RETHINK, Toronto / IKEA / 2019
IKEA is famous for creating beautiful affordable furniture. It became the poster child for disposability. That was something that needed to change. The brand has taken huge strides to become more sustainable, investing in renewables, practicing sustainable manufacturing, and committing to become fully circular. By 2030, the brand is reducing the carbon footprint of all their products by 70%.
IKEA wanted to demonstrate their commitment to the world. The brief was to help people understand how important action on climate change is and how important it is for brands to commit to a more sustainable and circular economy.
Our goal wasn’t profit. In fact, we knew the execution would probably hurt immediate sales, but our focus was on the long-term. We wanted people to understand and believe in our shift to sustainability. We wanted to increase brand equity. And we wanted people to feel the real effects of climate change.
We created the IKEA Climate Change Effect. We shut down the temperature regulating systems at IKEA to allow the temperature to rise to predicted climate change levels. The idea was to take something intangible and bring it to life for consumers, making it completely unavoidable.

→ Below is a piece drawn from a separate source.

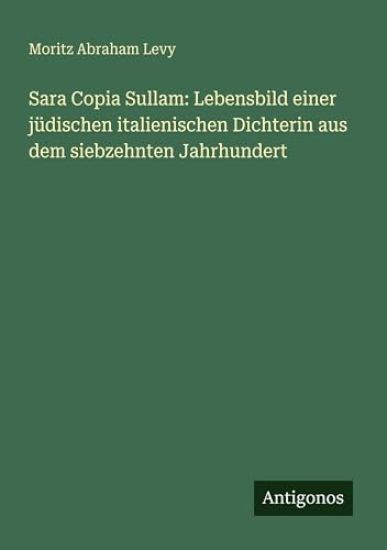 Levy, M: Sara Copia Sullam: Lebensbild einer jüdischen itali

Consumers were initially unaware of why the conditions in IKEA were so uncomfortable. We used the famous layout of IKEA to take them on a journey - throughout the store as they explored the space, people found signage and products that are sustainable and fight climate change. The items were strategically placed in the store to create an immersive experience for customers.

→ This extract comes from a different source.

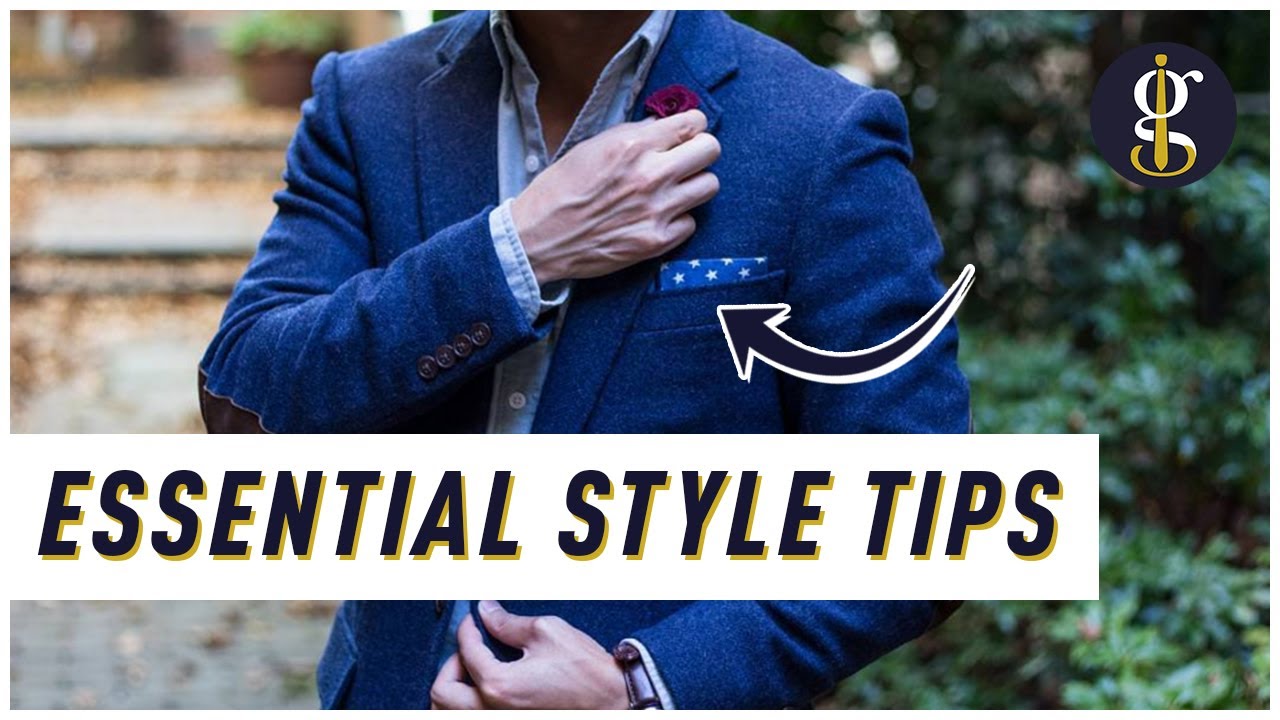 12 Essential Style Tips for Guys (How to Dress Well) | Men's Fashion Advice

The entire experience was filmed and turned into online content to show the world our commitment to sustainability and give people an idea of what the effects will be if we don’t take action.
People ignore climate change because it feels distant from their everyday lives, especially businesses who worry acting will hurt their bottom line. IKEA set out to bring climate change to life.

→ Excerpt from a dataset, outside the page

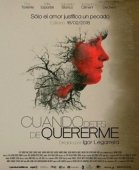 Постер Когда ты перестанешь любить меня (2018)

Many businesses and companies talk about fighting climate change. But to truly get customers to believe in our commitment, we knew we had to go beyond token donations and statements. We had to prove to customers that we were willing to lose money. And so, we set out to bring climate change to life for our consumers and for ourselves.
We wanted everyone to feel the effects of climate change. We wanted people who care about sustainability, and people who are climate change deniers to be part of our experiment. Whether young or old, climate change will effect us all, and we set out to make sure our campaign affected everyone that stepped into our store.
We set up an experiment within the walls of IKEA. On one of the hottest days of the year, we turned off the temperature regulating HVAC system at IKEA and allowed temperatures to increase to predicted climate change levels. We turned an in-store experience that IKEA is famous for, and turned it into something powerful - and uncomfortable. We wanted to see if that “climate change” in the store would hurt our business. And it did.
With the temperature change, IKEA became the opposite of what people expect. Instead of the comfortable inviting shopping experience, the store clocked in at an uncomfortable 30+ degrees celsius. It didn’t take long for customers to feel the effects.
The entire experience was filmed and shared via IKEA’s social channels. And in-store signage was created that shined a light on the effects on the planet of a four degree temperature shift.
A principle isn’t a principle until it costs you something. In this case, visitor numbers declined, sales were well below avg targets, and interestingly, the conversion of visitors to customers dropped (i.e. people left).
But we knew the long-term benefits of raising awareness on climate change and proving our commitment to sustainability as a brand were paramount.
Sentiment for IKEA sharply increased. Customer sentiment shined on social where IKEA was commended for the effort and for their efforts to become a more sustainable brand.
Sustainable items continue to perform extremely well, and IKEA has committed to reducing the carbon footprint of all their products by 2030, and in April, they announced that they have eliminated all plastic straws from Canadian locations.